Yahoo! Photos - Share your holiday photos online!
http://photos.yahoo.com/

___
Zope-Dev maillist  -  [EMAIL PROTECTED]
http://lists.zope.org/mailman/listinfo/zope-dev
**  No cross posts or HTML encoding!  **
(Related lists - 
 http://lists.zope.org/mailman/listinfo/zope-announce
 http://lists.zope.org/mailman/listinfo/zope )




Re: [Zope-dev] ZCatalog and 'fuzzy logic'

2001-01-10 Thread Ken Manheimer

On Wed, 10 Jan 2001, Morten W. Petersen wrote:

  I do not think that "fuzzy logic" is strongly related to "regexp-like".
  Anyway.
  
  Fuzzy searching often means "finding matches with characters omitted,
  replaced or inserted".
 
 It seems I misunderstood the term fuzzy logic myself.  Fuzzy logic means
 if I search for a word, for example 'programmer', it will return matches
 to the words 'program', 'programming','programmable' etc.

I think your talking about something else.  Last i checked, "fuzzy logic"
was a logical algebra based on the existence of intermediate truth states,
between "true" and "false".  It has little or nothing to do with
aproximate searching, though i guess you could use it to make assertions
about the aproximations.  I think what you all are talking about is "fuzzy
matching".

 I.e., it will somewhat intelligently return words that are similar in
 what they mean, using grammar rules (chopping off endings of words and
 making them match others).

There are also matching mechanisms like soundex, that account for
misspelling by translating words to phonetic-equivalent normalized codes,
and comparing on that basis.

Ken
[EMAIL PROTECTED]


___
Zope-Dev maillist  -  [EMAIL PROTECTED]
http://lists.zope.org/mailman/listinfo/zope-dev
**  No cross posts or HTML encoding!  **
(Related lists - 
 http://lists.zope.org/mailman/listinfo/zope-announce
 http://lists.zope.org/mailman/listinfo/zope )

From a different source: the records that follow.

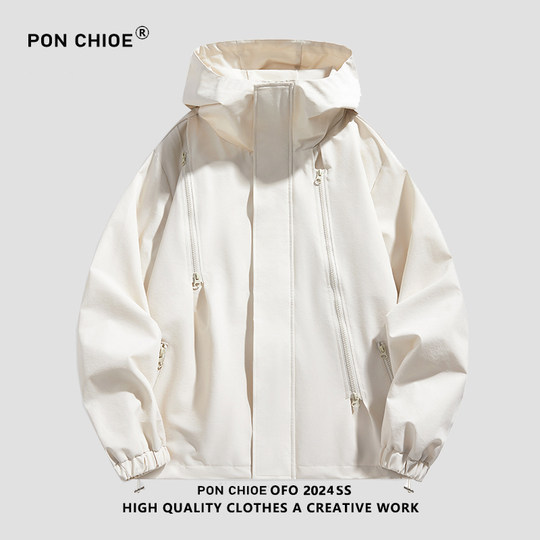 Ponchioe spring and autumn multi-pocket jackets for men and women trendy outdoor workwear casual jackets for men and women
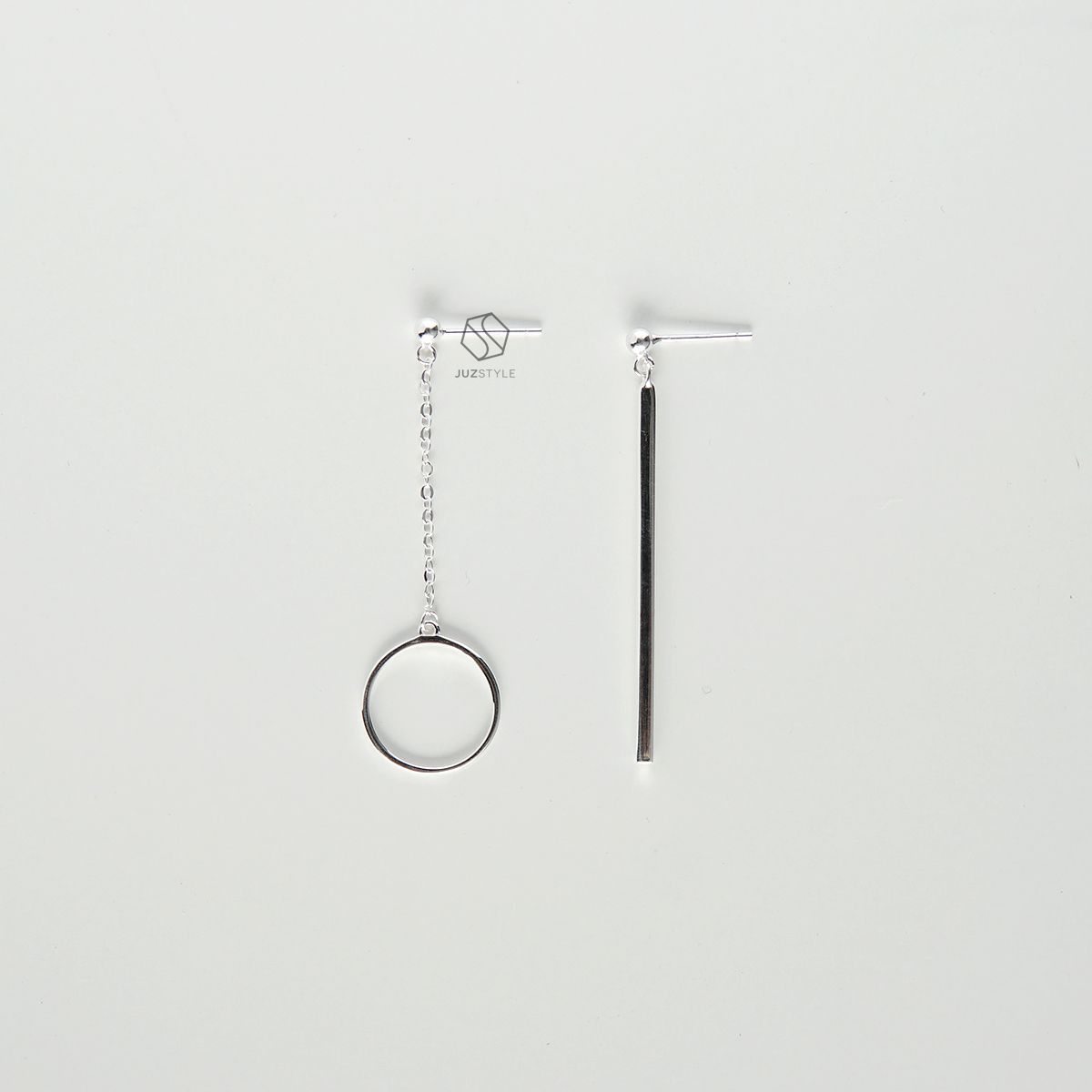 Bông tai bạc Slim bar & Circle drop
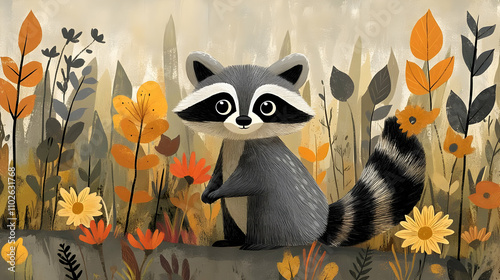 Autumn Raccoon Illustration...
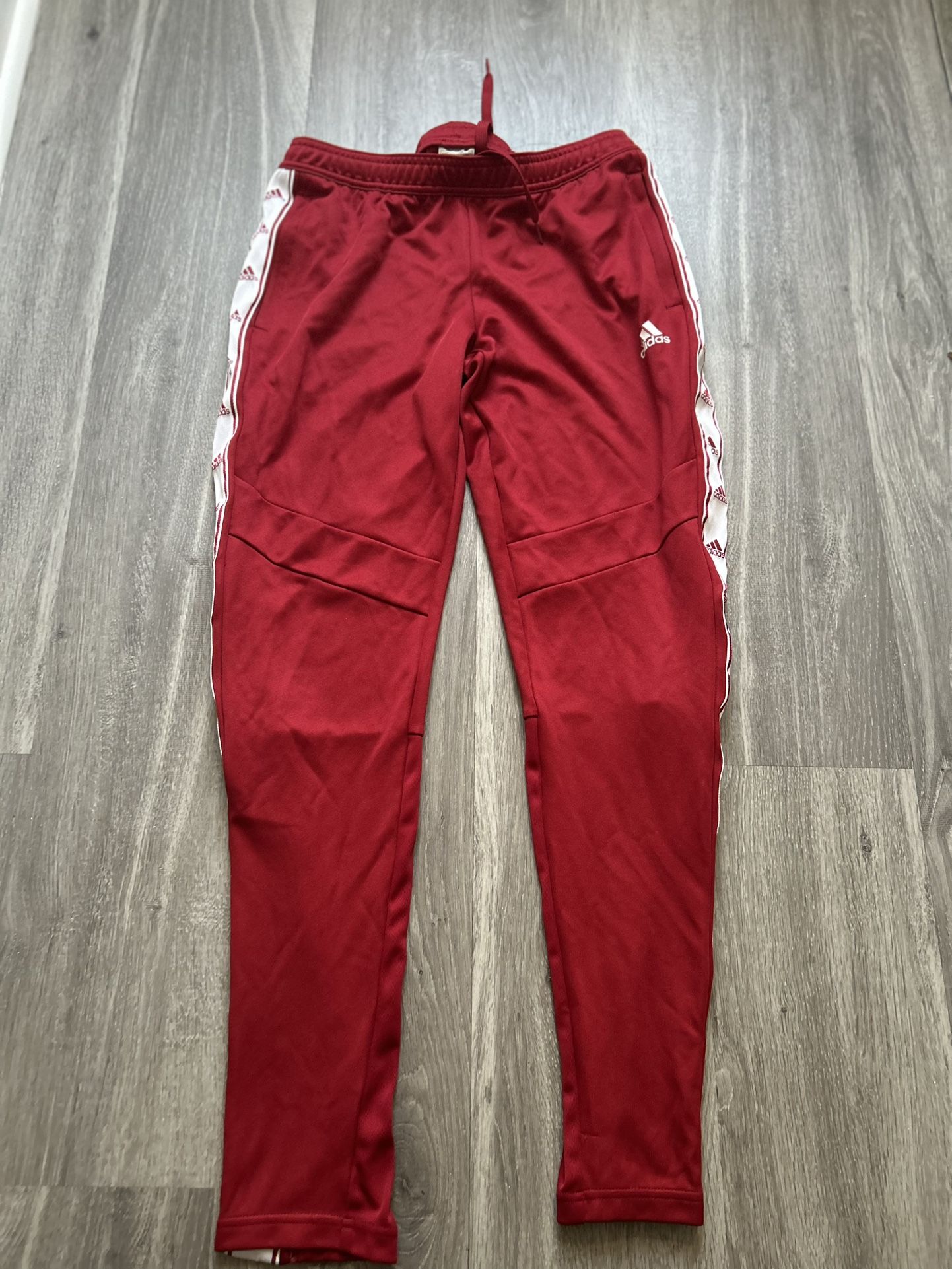 Adidas red and white track pants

Re: [Zope-dev] ZCatalog and 'fuzzy logic'

2001-01-09 Thread Steve Alexander

Morten W. Petersen wrote:

 Is there anyone who could try to give an estimate of how long it would
 take to add fuzzy logic (regexp-like) searching capability to the
 ZCatalog?
 
 And reasoning as to why would be appreciated. ;)


Right now, you could use an External Method to apply a regex match to 
each unique value in a field index in a Catalog, and return the 
appropriate Catalog Brains for each match.

This is as easy as called uniqueValues() on the catalog, iterating 
through the unique values to filter them, and then searching the catalog 
with the results of the filter as the constraint for that fieldindex. 
This would minutes and hours to implement and test, and would execute in 
O(number of unique field values) time,  for many values of the 
fieldindex, which should remain acceptably fast where you have a catalog 
with many items, most of which have fields drawn from the same (small) set.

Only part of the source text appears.